Une fuite de près de 800 pages de documents confidentiels russes, analysée par le think tank britannique Royal United Services Institute (RUSI), jette une lumière crue sur les coulisses de l'alliance entre Moscou et Pékin. Loin des déclarations officielles, la réalité est celle d'une coopération militaire qui pourrait redessiner l'équilibre des forces en Asie.

Au cœur des révélations : un accord militaire d'envergure visant à équiper et former un bataillon aéroporté de l'Armée populaire de libération chinoise. Ces documents, attribués au groupe hacktiviste Black Moon, détaillent des contrats et des échanges qui, bien que ne mentionnant jamais Taïwan explicitement, dessinent les contours d'une préparation offensive. La Chine, sous l'impulsion de Xi Jinping, a massivement modernisé son armée, mais certaines lacunes capacitaires demeurent. C'est précisément là que la Russie intervient.

Un contrat à 210 millions de dollars pour des capacités offensives

Les documents font état d'un accord dont la valeur dépasse les 210 millions de dollars. Il ne s'agit pas d'une simple vente d'armes, mais d'un transfert complet de capacités. Le contrat inclut la livraison de 37 véhicules d'assaut amphibies légers, 11 canons automoteurs antichars amphibies et 11 véhicules blindés de transport de troupes, en plus de véhicules de commandement.

chasseur furtif J-35 Chine 02

Cette coopération militaire est la pierre angulaire de l'accord. Fait notable, Pékin a exigé que tous ces engins soient compatibles avec ses propres systèmes de communication et ses munitions, signe d'une volonté d'intégration rapide et efficace au sein de ses forces.

Selon un document daté de septembre 2024, les premières phases de l'accord, initié en 2021, seraient déjà achevées, couvrant l'analyse technique et la fabrication des équipements. L'implication russe va bien au-delà de la simple fourniture, puisqu'elle inclut des sessions de formation directement en Chine.

Le 'Dalnolyot', ou comment pénétrer un territoire sans être détecté ?
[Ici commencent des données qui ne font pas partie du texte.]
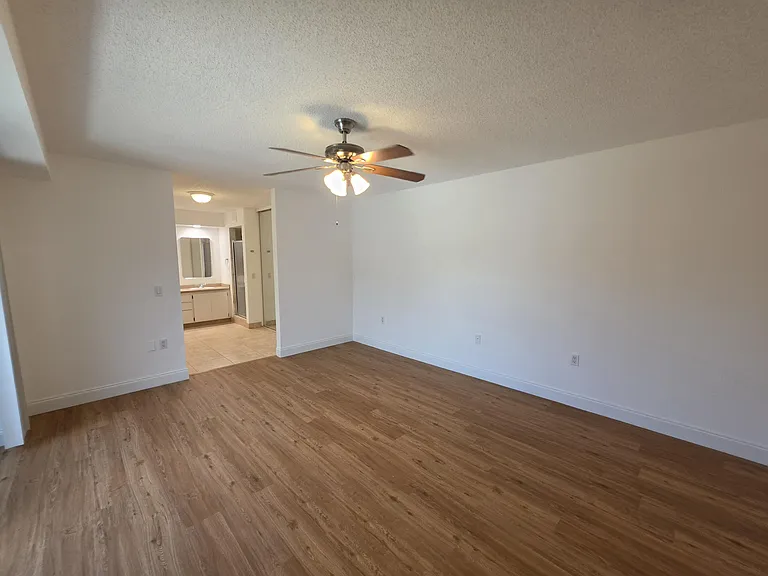 708 7th Ln — Photo 24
L'un des aspects les plus préoccupants de cet accord concerne la livraison de systèmes de parachutage de très haute altitude. Connu sous le nom de "Dalnolyot", ce matériel est conçu pour larguer des charges allant jusqu'à 190 kg depuis une altitude de 8 000 mètres.

JiuTian porte drones Chine 02

À cette hauteur, les forces spéciales peuvent planer sur près de 80 kilomètres avant d'atterrir. Cette capacité permettrait à des commandos chinois de s'infiltrer en territoire ennemi, notamment taïwanais, sans que leurs avions ne violent l'espace aérien de l'île. C'est ce que les analystes du RUSI appellent une invasion de "stade zéro". Le système Dalnolyot pourrait ainsi servir à déployer secrètement des troupes d'élite pour préparer le terrain à une offensive de plus grande ampleur.

Les documents révèlent même une réunion tenue à Moscou en mars 2024, où la Russie s'est engagée à fournir des données sur les performances du système dans des conditions de froid extrême, jusqu'à -60 °C.

Plus que du matériel, une transmission d'expérience

Si la puissance militaire chinoise surpasse aujourd'hui largement celle de la Russie sur bien des aspects, Pékin souffre d'un déficit majeur : l'expérience du combat. La Russie, malgré ses déboires en Ukraine, possède des décennies de savoir-faire doctrinal et pratique dans les opérations aéroportées.

Pour les analystes Oleksandr Danylyuk et Jack Watling, la plus grande valeur de cet accord pour la Chine réside dans la formation au commandement et au contrôle des troupes aéroportées. L'aide de Moscou pourrait faire gagner "10 à 15 ans" au programme aéroporté chinois.

Cette transmission d'expérience du combat est cruciale. L'un des grands échecs russes en Ukraine fut l'incapacité à sécuriser des têtes de pont aéroportées, comme à l'aéroport d'Hostomel. La Chine semble déterminée à ne pas répéter cette erreur. Pour Moscou, l'intérêt est double : financer son effort de guerre en Ukraine et potentiellement entraîner Washington dans un conflit avec Pékin, détournant ainsi l'attention de son propre front. L'accord stipule que la Russie se chargera de former un bataillon complet en Chine, préparant les soldats aux manœuvres, au contrôle de tir et aux tactiques de débarquement, une leçon tirée de l'implacable réalité du terrain.

Bien que rien ne permette d'affirmer qu'une décision d'envahir Taïwan a été prise, la Chine s'équipe méthodiquement pour s'en donner les moyens. Cet accord montre que Pékin est en train de combler l'une de ses dernières faiblesses stratégiques, et la question n'est peut-être plus de savoir si l'option militaire sera choisie, mais plutôt quand elle deviendra viable.